Action item =>
Leave out all pictures. Extract exactly the lines from the one containing "2001 INFINITI QX4 Luxury" through the end of the data.
*** Source material Section Begins ***
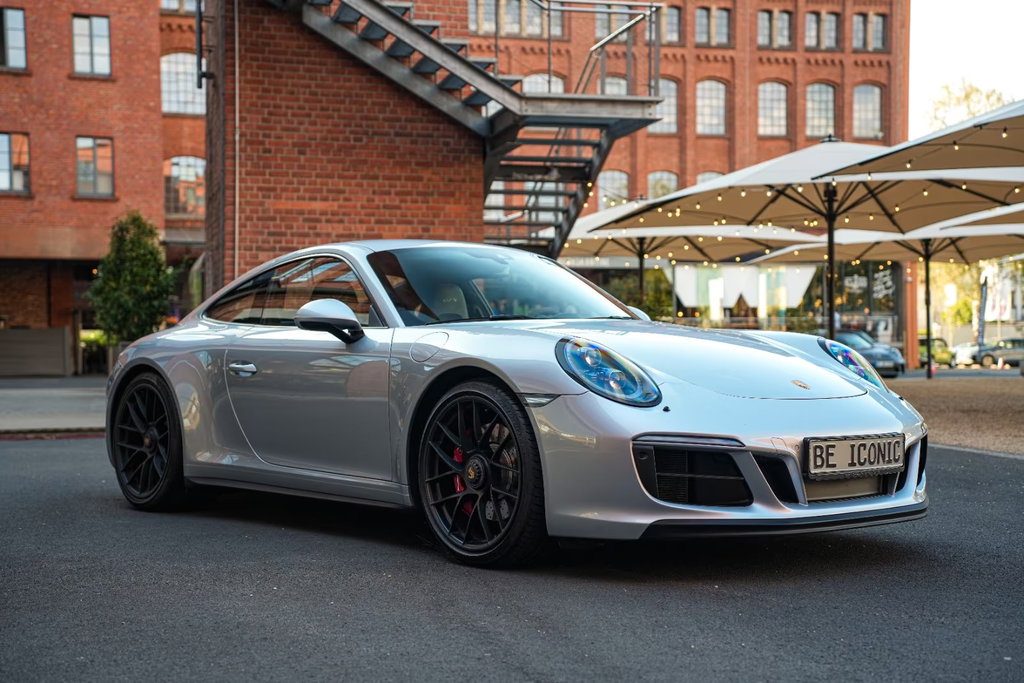 Porsche 991.2 Carrera GTS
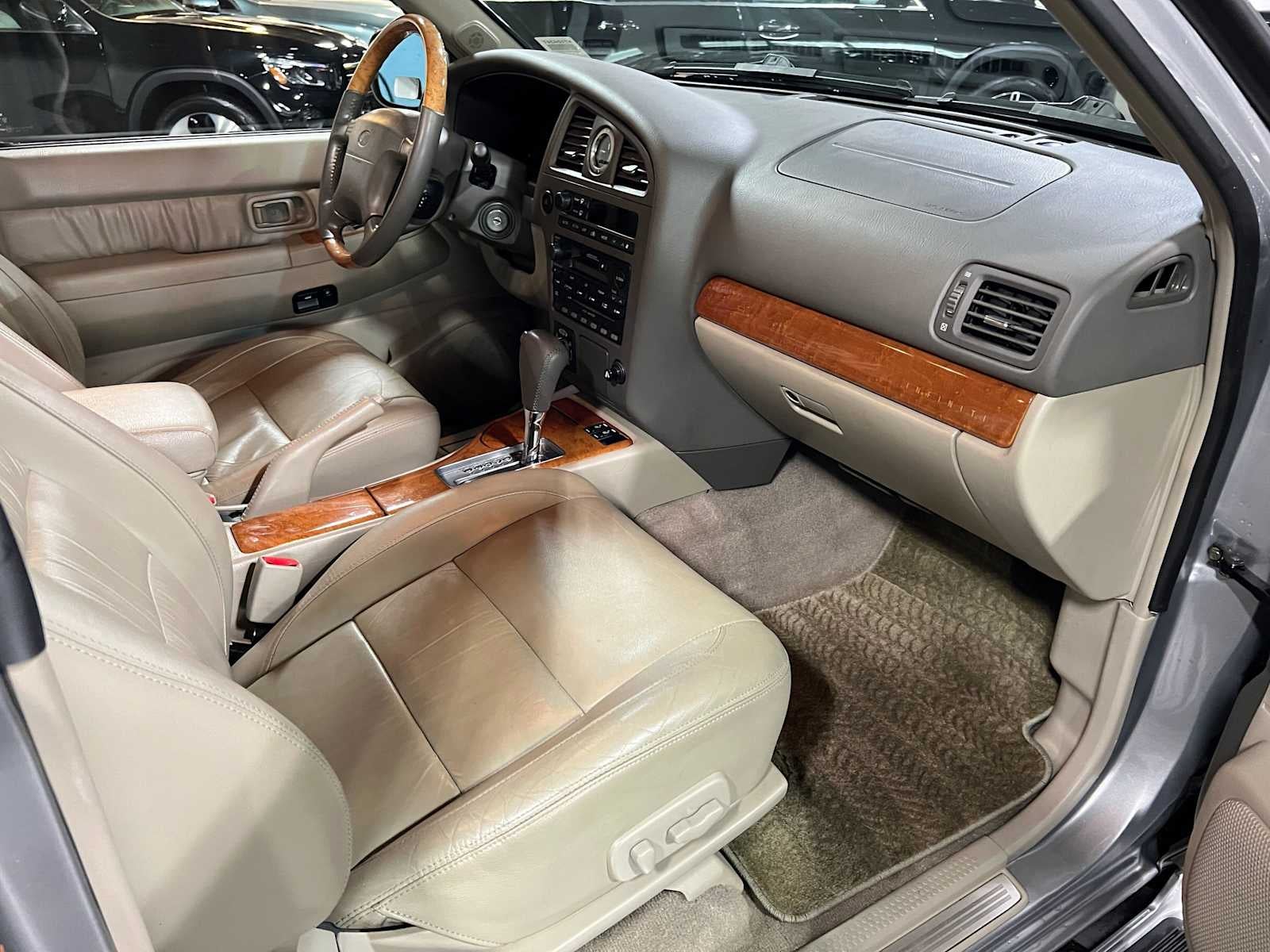 2001 INFINITI QX4 Luxury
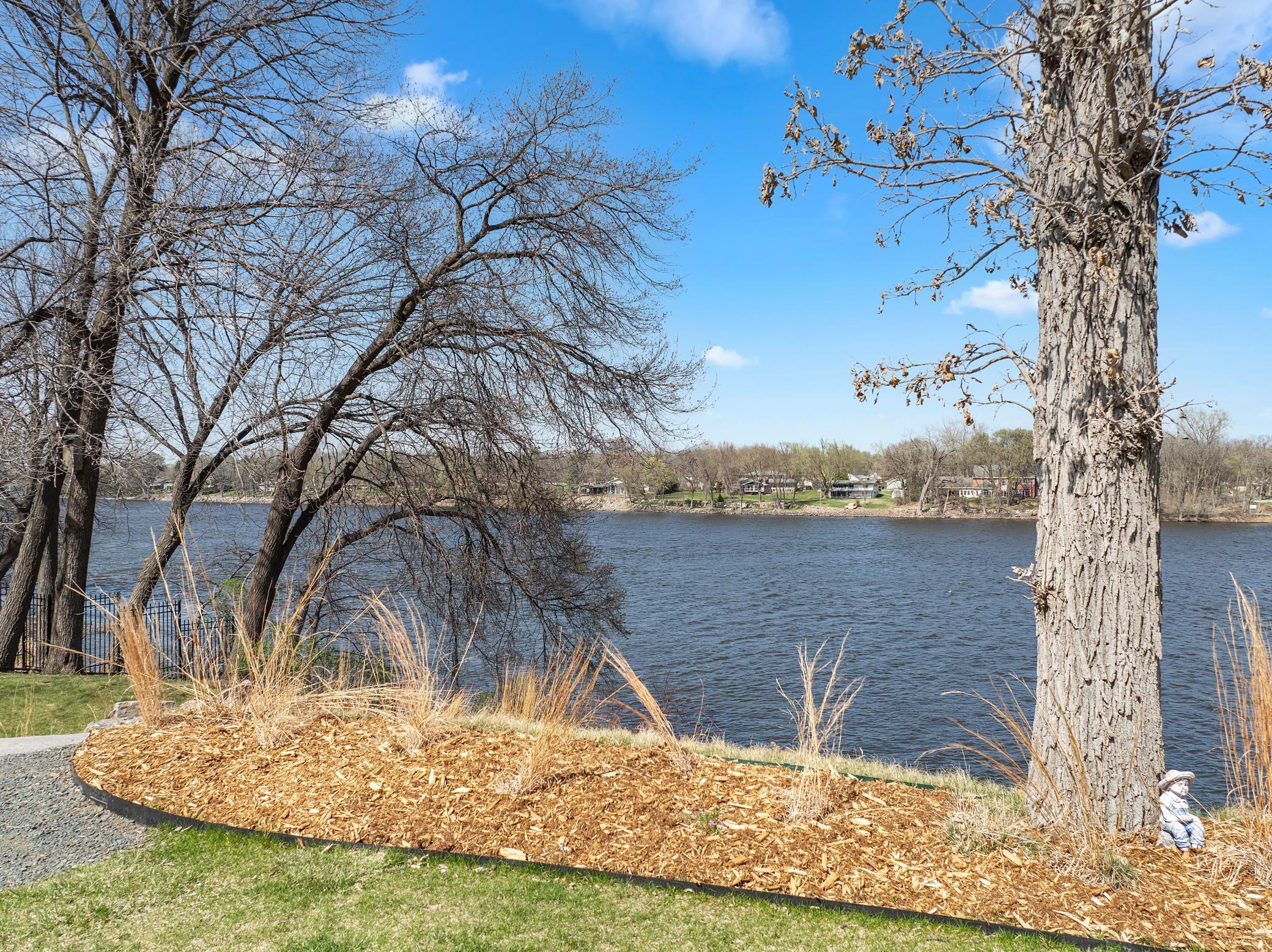 Discover the Serenity of Riverfront Living on the Mississippi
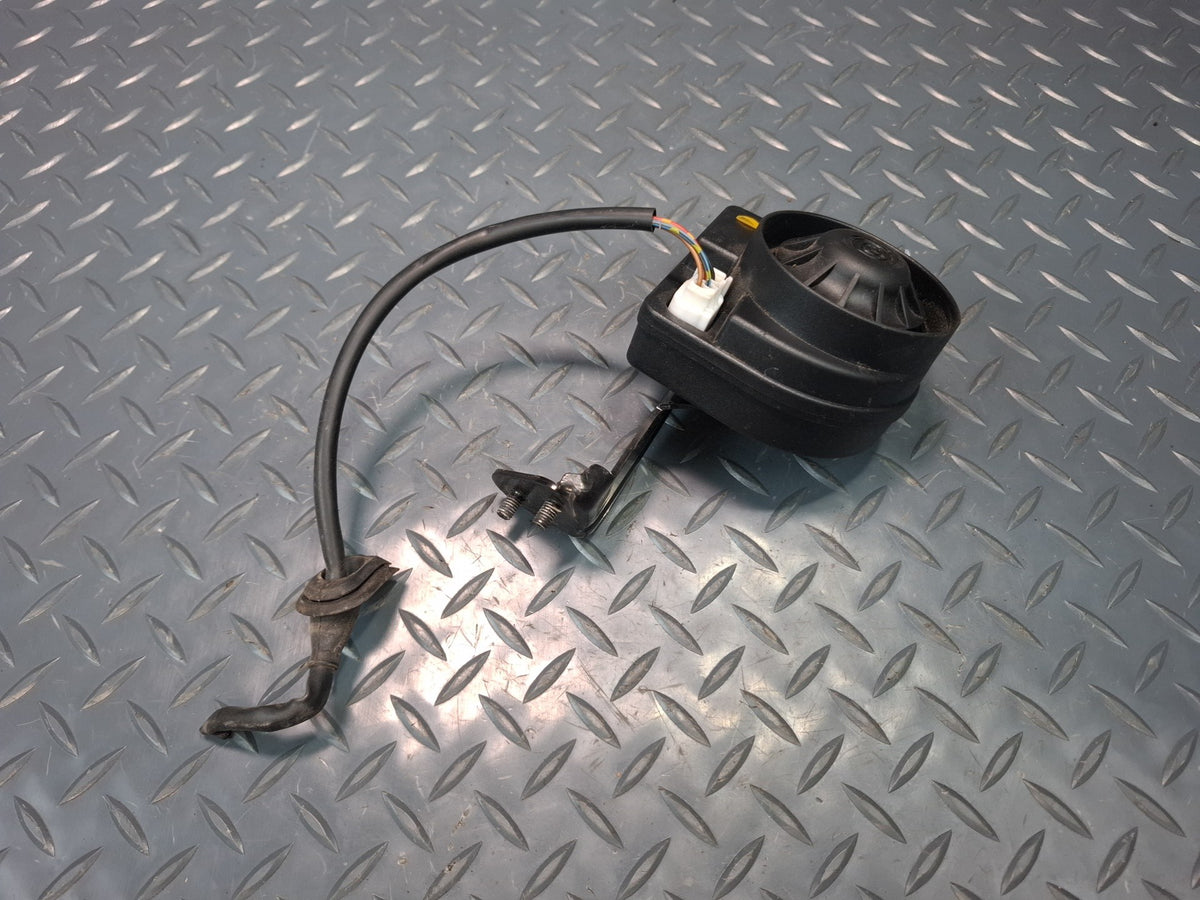 1994-1997 BMW E31 840Ci Anti Theft Alarm Horn Siren 8368267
*** Source material Section Ends ***
Result =>
 2001 INFINITI QX4 Luxury
 Discover the Serenity of Riverfront Living on the Mississippi
 1994-1997 BMW E31 840Ci Anti Theft Alarm Horn Siren 8368267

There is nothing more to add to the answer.